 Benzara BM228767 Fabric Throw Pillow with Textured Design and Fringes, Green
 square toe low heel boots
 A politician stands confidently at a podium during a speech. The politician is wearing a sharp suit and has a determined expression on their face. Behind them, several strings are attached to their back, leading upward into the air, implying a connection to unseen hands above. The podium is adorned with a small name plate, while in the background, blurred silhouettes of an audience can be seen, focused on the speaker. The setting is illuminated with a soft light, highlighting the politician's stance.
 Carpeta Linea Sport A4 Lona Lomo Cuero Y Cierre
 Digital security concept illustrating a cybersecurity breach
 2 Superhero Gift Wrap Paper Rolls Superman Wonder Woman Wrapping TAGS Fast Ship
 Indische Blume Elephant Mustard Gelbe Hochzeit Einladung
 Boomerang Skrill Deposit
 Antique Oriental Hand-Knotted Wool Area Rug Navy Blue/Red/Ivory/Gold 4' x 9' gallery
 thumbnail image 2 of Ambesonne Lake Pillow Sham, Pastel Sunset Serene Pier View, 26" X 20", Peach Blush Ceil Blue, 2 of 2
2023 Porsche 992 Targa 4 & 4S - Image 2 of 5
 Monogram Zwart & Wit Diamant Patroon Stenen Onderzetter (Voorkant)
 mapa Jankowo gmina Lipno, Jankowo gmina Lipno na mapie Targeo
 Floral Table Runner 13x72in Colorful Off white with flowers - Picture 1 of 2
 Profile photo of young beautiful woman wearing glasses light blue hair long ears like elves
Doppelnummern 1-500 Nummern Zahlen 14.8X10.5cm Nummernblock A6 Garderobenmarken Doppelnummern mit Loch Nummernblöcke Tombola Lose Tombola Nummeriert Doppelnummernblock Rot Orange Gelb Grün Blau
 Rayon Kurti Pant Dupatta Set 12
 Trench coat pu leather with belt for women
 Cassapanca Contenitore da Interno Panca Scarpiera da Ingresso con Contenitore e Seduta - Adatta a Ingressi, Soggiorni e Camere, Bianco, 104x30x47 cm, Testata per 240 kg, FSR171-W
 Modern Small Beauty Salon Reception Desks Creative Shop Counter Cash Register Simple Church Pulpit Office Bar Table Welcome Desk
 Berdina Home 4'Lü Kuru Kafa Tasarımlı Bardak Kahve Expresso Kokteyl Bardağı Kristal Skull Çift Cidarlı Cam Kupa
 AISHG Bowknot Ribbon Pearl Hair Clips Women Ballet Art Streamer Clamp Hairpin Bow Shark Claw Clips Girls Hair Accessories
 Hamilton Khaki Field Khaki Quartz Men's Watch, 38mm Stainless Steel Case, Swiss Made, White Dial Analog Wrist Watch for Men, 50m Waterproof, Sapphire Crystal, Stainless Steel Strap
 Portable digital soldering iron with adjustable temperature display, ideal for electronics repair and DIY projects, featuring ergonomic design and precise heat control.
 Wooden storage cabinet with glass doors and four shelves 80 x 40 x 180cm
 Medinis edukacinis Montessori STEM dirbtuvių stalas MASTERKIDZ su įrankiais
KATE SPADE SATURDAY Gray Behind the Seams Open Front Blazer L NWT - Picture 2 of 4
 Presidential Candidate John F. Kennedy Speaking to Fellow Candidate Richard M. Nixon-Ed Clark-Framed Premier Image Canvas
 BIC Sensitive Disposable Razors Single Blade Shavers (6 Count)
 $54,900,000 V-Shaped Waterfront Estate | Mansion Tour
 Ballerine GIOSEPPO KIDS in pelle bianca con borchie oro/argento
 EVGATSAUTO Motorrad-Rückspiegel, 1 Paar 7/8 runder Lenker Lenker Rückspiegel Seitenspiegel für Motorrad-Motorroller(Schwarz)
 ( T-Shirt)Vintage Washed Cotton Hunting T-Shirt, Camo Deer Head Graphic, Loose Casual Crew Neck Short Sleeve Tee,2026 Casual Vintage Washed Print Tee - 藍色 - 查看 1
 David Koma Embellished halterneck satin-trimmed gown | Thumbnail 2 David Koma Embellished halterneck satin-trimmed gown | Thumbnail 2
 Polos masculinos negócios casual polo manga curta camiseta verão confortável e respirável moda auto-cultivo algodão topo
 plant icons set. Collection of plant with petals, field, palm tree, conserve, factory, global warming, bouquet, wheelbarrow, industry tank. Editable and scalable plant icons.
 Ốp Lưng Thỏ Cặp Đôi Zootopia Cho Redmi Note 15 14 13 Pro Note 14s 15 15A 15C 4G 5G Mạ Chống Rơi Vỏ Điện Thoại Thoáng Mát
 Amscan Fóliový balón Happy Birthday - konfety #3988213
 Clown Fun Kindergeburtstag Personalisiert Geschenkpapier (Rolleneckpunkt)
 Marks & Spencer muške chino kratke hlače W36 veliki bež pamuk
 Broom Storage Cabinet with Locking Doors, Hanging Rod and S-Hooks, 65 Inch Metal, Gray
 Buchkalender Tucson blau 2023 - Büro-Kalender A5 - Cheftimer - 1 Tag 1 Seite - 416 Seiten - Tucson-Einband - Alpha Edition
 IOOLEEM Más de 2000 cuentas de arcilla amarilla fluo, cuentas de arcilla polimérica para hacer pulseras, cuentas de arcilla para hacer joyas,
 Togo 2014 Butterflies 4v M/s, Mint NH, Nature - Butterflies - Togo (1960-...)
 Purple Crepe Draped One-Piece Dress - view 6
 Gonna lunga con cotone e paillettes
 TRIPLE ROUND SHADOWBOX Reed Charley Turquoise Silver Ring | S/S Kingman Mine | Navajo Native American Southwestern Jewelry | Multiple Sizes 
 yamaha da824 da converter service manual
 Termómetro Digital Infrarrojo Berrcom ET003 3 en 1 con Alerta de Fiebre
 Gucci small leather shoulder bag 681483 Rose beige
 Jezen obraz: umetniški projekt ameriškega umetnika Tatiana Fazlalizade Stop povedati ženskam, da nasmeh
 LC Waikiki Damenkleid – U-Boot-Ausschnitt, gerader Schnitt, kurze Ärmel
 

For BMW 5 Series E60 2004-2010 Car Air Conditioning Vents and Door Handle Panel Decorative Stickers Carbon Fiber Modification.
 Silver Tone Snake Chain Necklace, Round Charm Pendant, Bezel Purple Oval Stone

######

Task requirements:
Give the lines again, exactly as they stand, from the beginning of the data through the line with "2 Superhero Gift".

Expected output:
 Benzara BM228767 Fabric Throw Pillow with Textured Design and Fringes, Green
 square toe low heel boots
 A politician stands confidently at a podium during a speech. The politician is wearing a sharp suit and has a determined expression on their face. Behind them, several strings are attached to their back, leading upward into the air, implying a connection to unseen hands above. The podium is adorned with a small name plate, while in the background, blurred silhouettes of an audience can be seen, focused on the speaker. The setting is illuminated with a soft light, highlighting the politician's stance.
 Carpeta Linea Sport A4 Lona Lomo Cuero Y Cierre
 Digital security concept illustrating a cybersecurity breach
 2 Superhero Gift Wrap Paper Rolls Superman Wonder Woman Wrapping TAGS Fast Ship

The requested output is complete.